ISRC Seminar Series
     

Intelligent Systems Research Centre
Ulster University (Magee Campus)

Seminar Series

Seminars take place from 1-2pm on Wednesdays in person the MS building tea room (MS027) and/or streamed online via Microsoft Teams.

Contact Cian O'Donnell or Louise Gallagher for more information.

Spring 2023

25/01/23: Chethan Pandarinath (Emory University and Georgia Tech)

Chethan Pandarinath
Webpage
We aim to understand how large populations of neurons in the brain perform computations and represent intention. We use these insights to develop high-performance, robust, and practical assistive devices for people with disabilities and neurological disorders.

Latent variable modeling of neural population dynamics - where do we go from here?
Large-scale recordings of neural activity are providing new opportunities to study network-level dynamics with unprecedented detail. However, the sheer volume of data and its dynamical complexity are major barriers to uncovering and interpreting these dynamics.

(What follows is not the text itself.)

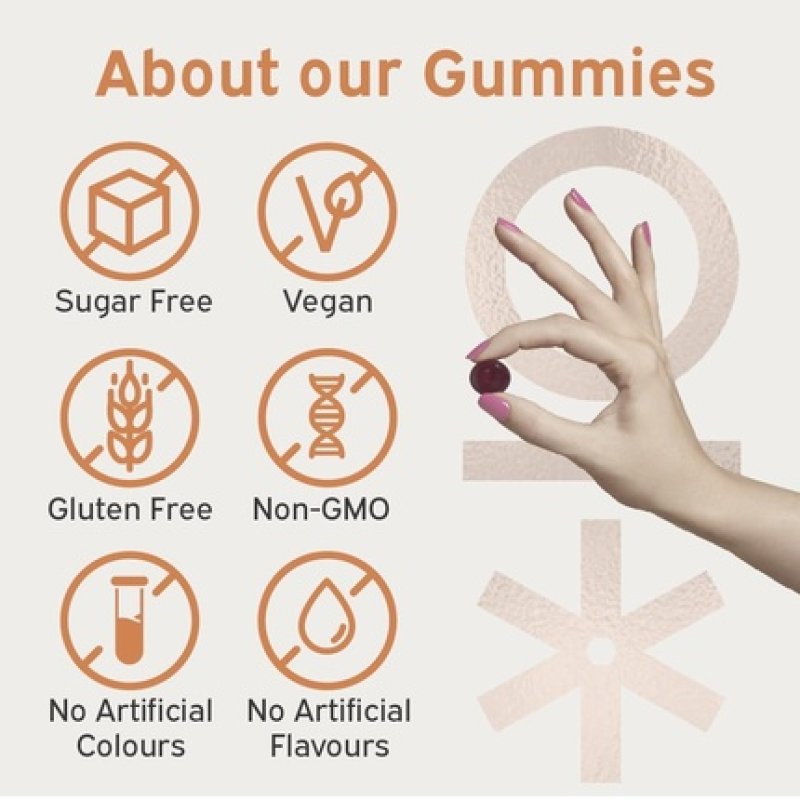 Nutriburst Vegan Collagen Revive Gummies with Biotin, Hyaluronic Acid, and Vitamin C 60 Gummies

I will present a machine learning framework we developed, Latent Factor Analysis via Dynamical Systems (LFADS), that enables inference of dynamics from neuronal population spiking activity on single trials and millisecond timescales. I will show how this framework can be applied to data from diverse brain areas, and without regard to behavior. I will also demonstrate extensions that allow recovery of dynamics from two-photon calcium imaging data with surprising precision. Finally, I will discuss our efforts to facilitate comparisons within our field by curating datasets and standardizing model evaluation, including a currently active modeling challenge, the 2021 Neural Latents Benchmark (neurallatents.github.io).

Online seminar.

08/02/23: Conor Houghton (University of Bristol)

Conor Houghton
Webpage
His research interest is in understanding information processing and coding in the brain and, generally, in mathematical and computational approaches to neuroscience.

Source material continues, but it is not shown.